April 29, 2018

G27: Red Sox 4, Rays 3

Rays    - 002 100 000 - 3 10  0
Red Sox - 000 003 01x - 4  7  1
After the Red Sox rallied to tie the game in the sixth on J.D. Martinez's two-run single and Jackie Bradley's sac fly, Sandy Leon's two-out single in the eighth gave Boston its margin of victory.

Facing Rays closer Alex Colome in the eighth, Martinez singled to right, capping a 4-for-4 afternoon. (Colome also buzzed a 2-2 pitch up near JDM's head.) Colome got the next two batters, but then he walked Bradley on five pitches. Leon grounded a single inside the bag at third, down the left field line, which scored Martinez. Leon then added insult to injury by stealing second base!

Rick Porcello had thrown 102 pitches in seven innings, but manager Alex Cora, who has usually been pretty easy on his starters this month, still sent him out for another inning. Porcello (7.2-7-3-0-6, 116) got the first two Rays before giving up a single to C.J. Cron. Cora went straight to Craig Kimbrel. Joey Wendle doubled, but with runners at second and third, Kimbrel got down to business, striking out Brad Miller on three pitches.

Porcello retired eight of the first nine batters in the game, but Denard Span belted a two-run homer in the third. Brad Miller doubled in the fourth and scored on Mallex's Smith single.

The Red Sox batted around and tied the score in the sixth. Eduardo Nunez, facing Andrew Kittredge, reached on an infield single. Andrew Benintendi walked and Hanley Ramirez singled, loading the bases. Martinez's single to left, past shortstop Adeiny Hechavarri's dive to his right, cut the Rays' lead to 3-2 and after Mitch Moreland walked, re-loading the bases, Sergio Romo took over. He struck out Rafael Devers, but Bradley lifted a fly ball to right, scoring Ramirez with the tying run. Moreland stole second and Leon was hit by a pitch, re-re-loading the bases. Tzu-Wei flied to right.

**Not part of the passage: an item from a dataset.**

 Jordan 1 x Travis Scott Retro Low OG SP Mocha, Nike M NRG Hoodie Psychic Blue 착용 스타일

The four hits ties Martinez's career high, which he has done on five other occasions (for four different teams). He had four hits in Anaheim 11 days ago. He also went 4-for-5 twice in a five-game span for the Diamondbacks last September. The first game was September 4, when all four hits were home runs.  He finished that game with a flourish, going deep in the seventh, eighth, and ninth innings.

Boston is now 20-7, which is tied for the second-best start in franchise history (1994* and 2002). The 1946 Red Sox won 23 of their first 27 games.

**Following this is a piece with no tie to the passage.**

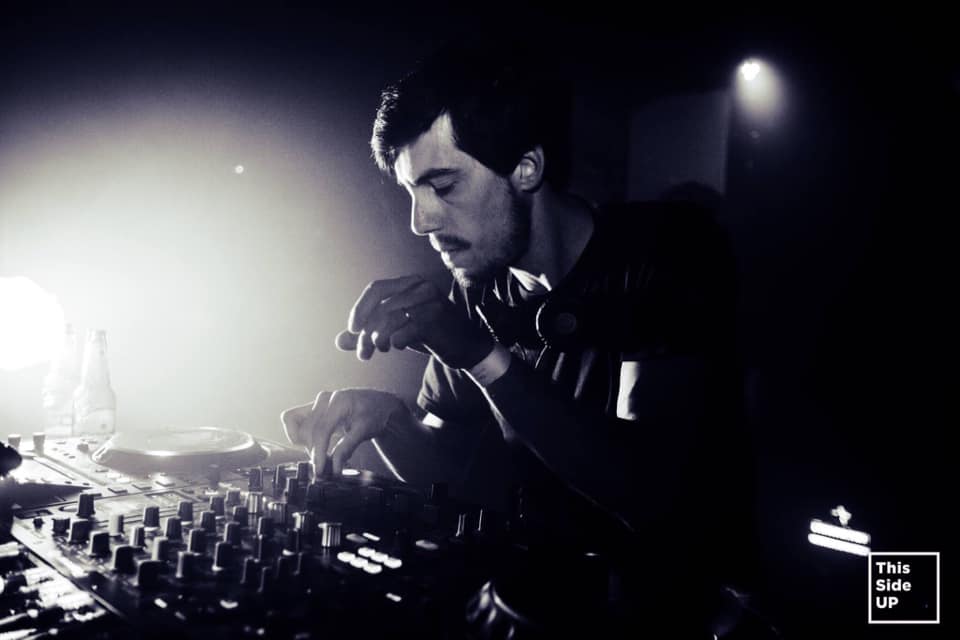 Gabriferreira's tweet image. Algunos shots del fiestón que se armó en este 3er aniversario de @thissideupbcn junto a Theus Mago, Diego Montiel y Martin Noise.

Ph: Laura Jollit
Link del álbum: bit.ly/2GWJJHR

#techno #thissideup
#perisphere #sideupworks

(* The 1994 team also went 1-15 from June 3-19.)
Matt Andriese / Rick Porcello
Nunez, 2B
Benintendi, CF
Ramirez, DH
Martinez, LF
Moreland, 1B
Devers, 3B
Bradley, RF
Leon, C
Lin, SS
In five starts this year, Porcello has a 1.93 ERA, sixth-best in the American League (three of the five guys above him are Astros!). Opponents are slugging only .230 (18 singles and five doubles), second-best in the AL, behind only Oakland's Sean Manaea (.400).

While the Red Sox (19-7) have lost five of their last seven games, the Yankees (17-9) have won eight in a row and 10 of their last 12. Boston's lead in the AL East is down to two games.

Mookie Betts, who left Saturday's game with right hamstring tightness, is "day-to-day", according to manager Alex Cora. "We'll see how he shows up tomorrow and go from there."